I got this a few weeks ago from Barry Wallace who wants to know…

Thank you for the brief visit with Daws Butler and it is wonderful to hear that such a wonderfully talented man was so nice. A recurring topic on your blog is the good fortune you had to meet and even work with performers who you watched as a child and it must have been great to have a friendship with the voice of Yogi Bear. But I have to ask if anyone you ever met in this sense was a disappointment to you. Was everyone as nice as you hoped they'd be?

Pretty much, yes…and that goes for comic book creators as well as folks I knew of from television. I have mostly good memories of the ones I first knew from television and then later in real life. There were a few who in comics who were exceptions (to me) and maybe a half-dozen in the comic book industry. Each of those fields had about a 2% Asshole Factor and I'd rather not name names here. And that word you used — disappointment — that's exactly what it was. Not anger, not contempt…just a sense of "Gee, I wish I'd had a better experience with that person."

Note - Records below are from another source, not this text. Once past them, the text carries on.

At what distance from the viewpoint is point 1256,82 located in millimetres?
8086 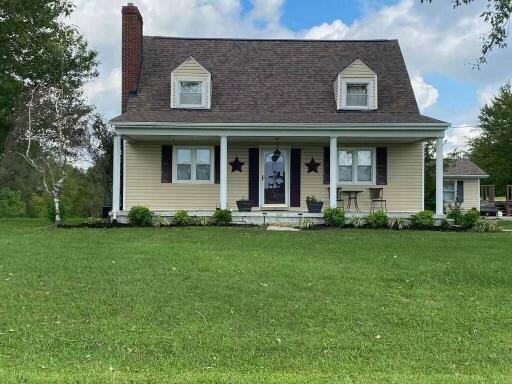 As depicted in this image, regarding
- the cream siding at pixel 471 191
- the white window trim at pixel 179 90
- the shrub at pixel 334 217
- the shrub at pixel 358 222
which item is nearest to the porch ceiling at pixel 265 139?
the white window trim at pixel 179 90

One of the things that happen when you meet the person is that you're meeting a real person. You may have loved their work but they may have bad memories of what happened on that project…what they were paid…what it did or did not lead to. They may not be working much these days and might have anger or deep worry about that. (Some people can be very touchy when complimented about long-ago work because they think you're suggesting they haven't done anything good or successful lately.) Some of them may have family or relationship problems.

Getting to know them better might mean getting to see the aspects of their life that you might have preferred not to see. Those, I'm pleased to report are rare but sometimes not rare enough. So I guess the answer to your question, Barry, as to whether everyone was nice as I hoped they'd be is "Not everyone but most."